Liz Ward: Drawings from Unchopping a Tree by W.S. Merwin
When Barbara Ras, Director of Trinity University Press, first approached me about using my artwork to accompany the prose poem Unchopping a Tree by W.S. Merwin, I was both honored and astonished. She of course had no idea that a Merwin poem, clipped from an old New Yorker, had hung on my studio wall like a talisman for years. The project was meant to be.
Barbara and I selected examples of my work to present to Bill Merwin, and happily he approved of the pairing. It was decided that we would focus on my drawings in silverpoint, an old-master technique that I have been using for two decades. My 1995 series of four drawings called Cellular Seasons would set the tone; my task was to create six new works to complement the older ones and to converse, so to speak, with Merwin’s enchanting text.

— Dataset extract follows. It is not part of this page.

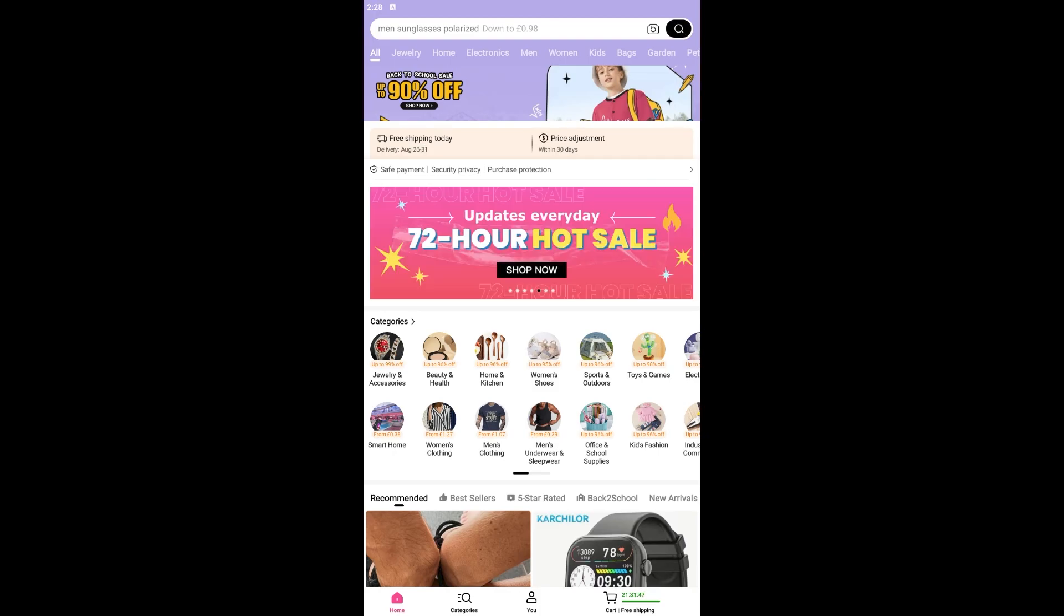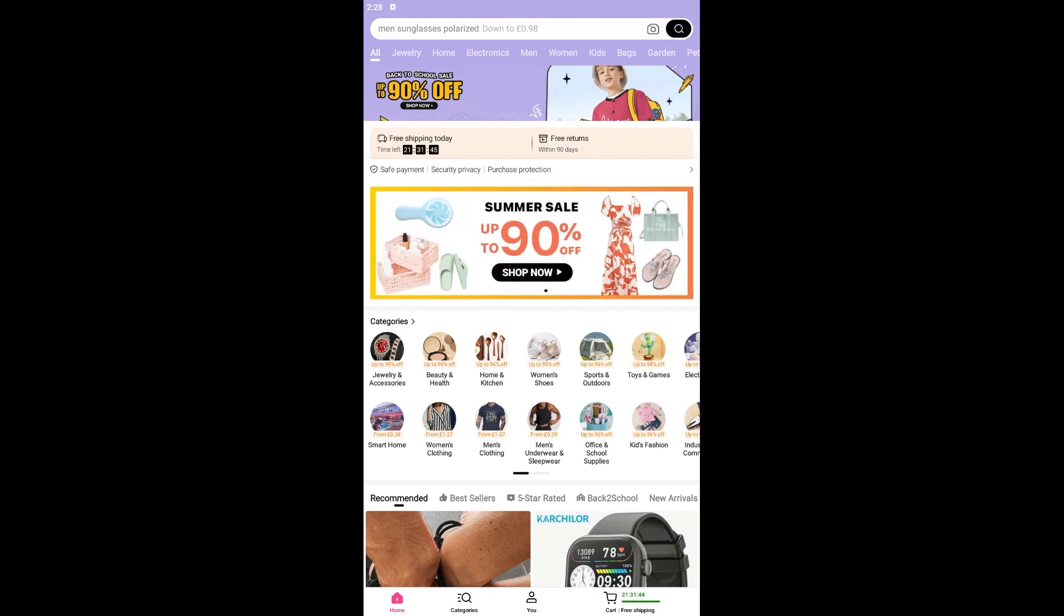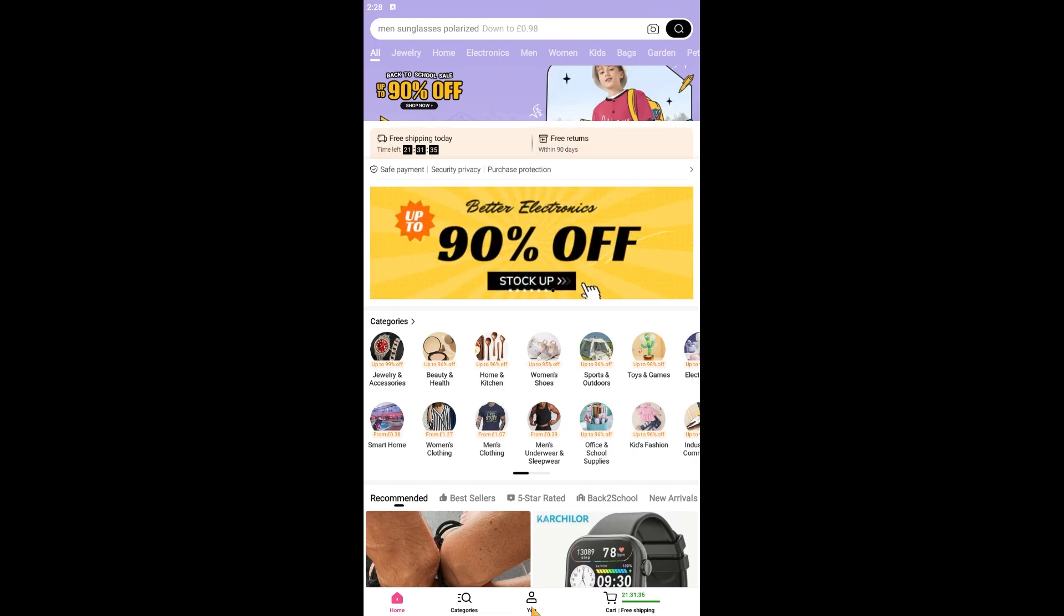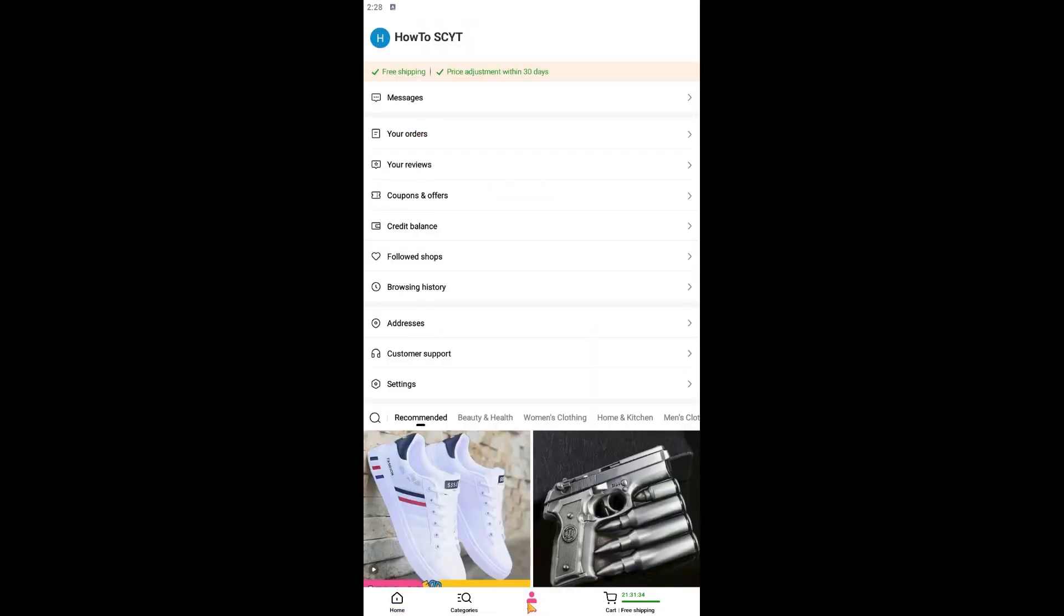Now be sure to watch through the entire video so you won't miss a single detail. Right here we are in the Temu app itself. For us to be able to go to our orders, what we're going to do is we're going to be clicking on you right here on the bottom and then we're going to go on your orders right here.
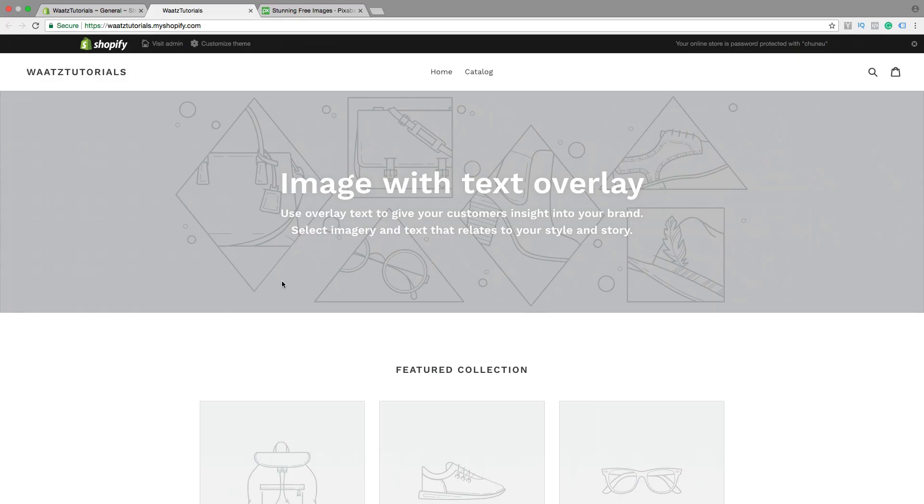Alright, so let's do this. In this Shopify tutorial I will teach you how you can add a Contact Us page right here in the menu. So we're gonna create the Contact Us page and we're gonna place it right here in the menu.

In May 2013, with support from a Brown Foundation Fellowship at the Dora Maar House Artist Residency in Ménerbes, France, I enjoyed a month of focused productivity, enabling me to complete the remaining works. Provence had been an important and inspiring place for Merwin, and it inspired me as well to incorporate aspects of the place into the work I was making, such as ochre pigment mined for centuries in nearby Roussillon, and linen rag paper from an ancient mill in Fontaine de Vaucluse.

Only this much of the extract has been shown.